Tangan Iblis Persembahan Surga ini membutuhkan keinginan yang tak ragu untuk membunuh. Keinginan membunuh seperti itu lahir dari pikiran seseorang. Itu bukanlah sesuatu yang dapat dilengkapi dengan mengandalkan Qi Darah.
“Benda ini bisa dianggap sebagai salah satu keterampilan pamungkas Sekte Langit Mendalam. Kekuatannya jelas melampaui apa yang telah ditunjukkan Yi Chen. Orang itu terlalu sombong. Ini menyebabkan dia tidak dapat memahami arti sebenarnya dari Tangan Iblis Persembahan Surga…” Xiao Yan dengan saksama mempelajari gulungan ini sebelum menghela napas dalam-dalam dan berbicara dengan penuh minat.
Berdasarkan perkiraan Xiao Yan, jika Tangan Iblis Persembahan Surga ini dilepaskan sepenuhnya, kekuatannya mungkin hanya dapat dilampaui jika seseorang mempelajari segel kelima dari Keterampilan Segel Dewa. Benda ini memang unik karena menjadi keterampilan pamungkas di Sekte Langit Mendalam.
Tangan Xiao Yan dengan lembut mengusap gulungan itu. Senyum di wajahnya semakin lebar. Tidak disangka Yi Chen akan memberikan harta karun seperti ini kali ini. Jika Xiao Yan mampu mempelajari Tangan Iblis Persembahan Surga ini, kekuatan bertarungnya pasti akan meningkat. Dia juga akan memiliki teknik bertarung tambahan saat bertarung dengan orang lain di masa depan.
Selain itu, mereka akan segera memulai operasi penyelamatan Yao Lao. Dengan dikirimkannya Tangan Iblis Persembahan Surga ini, dapat dikatakan bahwa Yi Chen bagaikan hujan yang tepat waktu…
Karena perlu menunggu kedatangan Feng zun-zhe, kelompok Xiao Yan masih punya waktu untuk bersiap. Meskipun demikian, operasi berbahaya seperti itu akan tampak terburu-buru, berapa pun lama waktu yang dimiliki untuk mempersiapkannya. Oleh karena itu, Xiao Yan sekali lagi memilih untuk mundur setelah mendapatkan informasi dari tiga kepala besar.

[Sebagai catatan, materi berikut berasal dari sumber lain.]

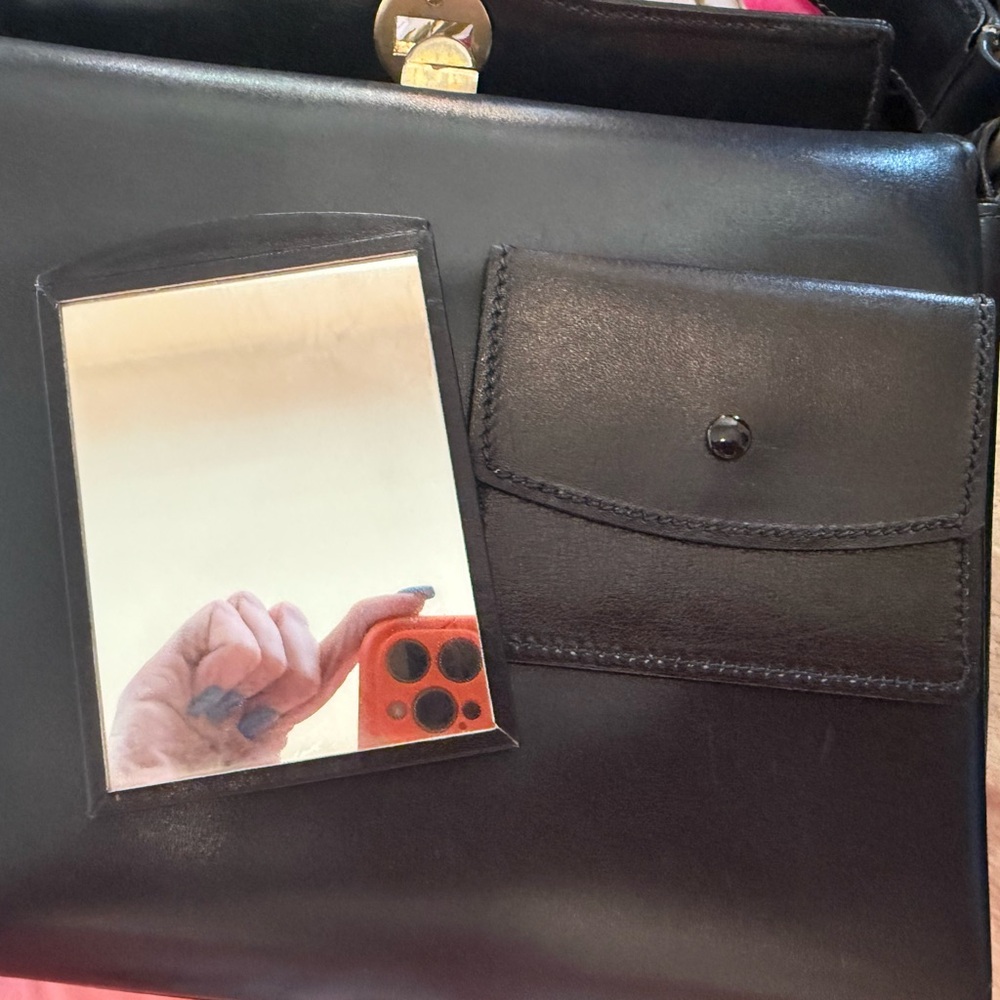 Elegant VINTAGE Gucci Black Leather Handbag. EUC mirror and pouch COA - Picture 14 of 14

Selama mundur ini, Xiao Yan tidak hanya perlu membantu Tian Huo zun-zhe memurnikan Pil Hijau Jamur sebelum Feng zun-zhe tiba, tetapi ia juga perlu meluangkan waktu untuk membiasakan diri dan berlatih Tangan Iblis Persembahan Surga. Satu keterampilan tambahan akan berarti jaring pengaman tambahan. Demikian pula, itu juga berarti kepercayaan dirinya untuk berhasil akan meningkat. Terlepas dari apakah ini tidak signifikan atau tidak, akan lebih baik untuk mempersiapkan diri lebih banyak agar dapat menyelamatkan Yao Lao.
Tabib Peri Kecil dan yang lainnya tak berdaya menghadapi mundurnya Xiao Yan yang agak gila. Setelah mengikuti Xiao Yan selama bertahun-tahun, dia menyadari betapa besar usaha yang telah dilakukan Xiao Yan untuk menyelamatkan gurunya. Sekarang semuanya berjalan sesuai rencana, dia tentu saja tidak akan berani bersantai sedikit pun.
Terpengaruh oleh Xiao Yan, Tabib Peri Kecil dan Tian Huo zun-zhe tidak pergi selama periode waktu ini. Mereka memahami pentingnya operasi ini bagi Xiao Yan. Oleh karena itu, mereka mencoba meningkatkan kekuatan mereka sedikit untuk meningkatkan kemungkinan keberhasilan mereka.
Latihan gila-gilaan orang-orang ini membuat Xuan Kong Zi dan yang lainnya merasa sedikit tak berdaya. Namun, mereka bisa berempati dengan mereka. Karena itu, mereka mengeluarkan perintah untuk tidak mengganggu kelompok Xiao Yan. Terlebih lagi, mereka bahkan telah mengirim beberapa pelayan wanita ke sana. Jika Xiao Yan kekurangan sesuatu selama pemurnian pilnya, Menara Pil akan segera mengirimkannya kepadanya.
Setengah tahun berlalu dengan tenang sementara Xiao Yan melakukan retret di mana dia lupa makan atau tidur.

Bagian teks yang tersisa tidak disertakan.